[Data provided]:
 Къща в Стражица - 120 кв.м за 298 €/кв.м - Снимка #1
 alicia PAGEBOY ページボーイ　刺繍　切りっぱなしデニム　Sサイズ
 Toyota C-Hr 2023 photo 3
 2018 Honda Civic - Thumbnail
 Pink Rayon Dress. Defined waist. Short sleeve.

--

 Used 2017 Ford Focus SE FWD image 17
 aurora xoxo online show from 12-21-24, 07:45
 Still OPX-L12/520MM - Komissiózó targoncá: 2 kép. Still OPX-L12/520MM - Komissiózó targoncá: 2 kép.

[Directions]: Look above for the line that contains "Toyota C-Hr 2023 photo 3". Starting there, transcribe every line exactly until you have copied the line that contains "Pink Rayon Dress.".

[Written answer]:
 Toyota C-Hr 2023 photo 3
 2018 Honda Civic - Thumbnail
 Pink Rayon Dress. Defined waist. Short sleeve.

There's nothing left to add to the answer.